Scheer also took aim at WE, criticizing the charity’s structure and its co-founders — concerns he says raise additional questions about the government’s agreement with the organization.

He is calling on Trudeau to answer questions for three hours, following a motion passed July 29 by the MPs on the finance committee requesting longer appearances by both Trudeau and Telford.

On July 29, Conservative MP Pierre Poilievre — who will be those questioning the PM July 30 — warned that if the prime minister doesn’t fully answer questions about his own and his family’s ties to the WE organization, they will call him back again.

“We want the truth, the whole truth and nothing but the truth,” Poilievre told reporters in Ottawa July 29.

Many of the Conservatives’ questions for Trudeau will also revolve around hundreds of thousands of dollars in speaking fees paid to members of his family for appearing at WE events, along with related expenses, Poilievre said.

WE had previously confirmed that Trudeau’s mother, Margaret Trudeau, was paid about $250,000 for 28 speaking appearances at WE-related events between 2016 and 2020 and his brother Alexandre has been paid $32,000 for eight events.

WE co-founders Craig and Marc Kielburger testified July 28 that Trudeau’s wife Sophie Gregoire Trudeau has participated in seven WE Days and received an average of $3,618 for each event, to cover her expenses.

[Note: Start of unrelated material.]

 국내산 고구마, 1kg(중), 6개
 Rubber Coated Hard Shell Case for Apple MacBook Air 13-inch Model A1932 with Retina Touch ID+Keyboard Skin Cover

That works out to $25,326 in total.

The Conservatives are now calling on federal ethics czar Mario Dion to widen his probe of Trudeau to include travel expenses WE covered in addition to speaking fees for his mother, wife and brother.

“What else is he hiding in this affair?” Poilievre said July 29.

On July 29, Dion sent letters to Conservative and NDP MPs saying he is widening his investigations into trips Finance Minister Bill Morneau and his family participated in that were sponsored by the WE organization.

Morneau told the Commons finance committee last week he had freshly repaid WE Charity more than $41,000 in expenses for trips he and his family took in 2017 to see and take part in some of the organization’s humanitarian work.

NDP Leader Jagmeet Singh said he believes details that have emerged since the program was announced suggest the deal awarding WE the Canada Student Services Grant program was never about students, but about helping close friends of the Liberals and of Trudeau.

“That is deeply troubling,” he said July 29 in Burnaby, B.C.

“A prime minister should work for people, should work for Canadians, should not be working in the interest of enriching his or her family or his or her close friends.”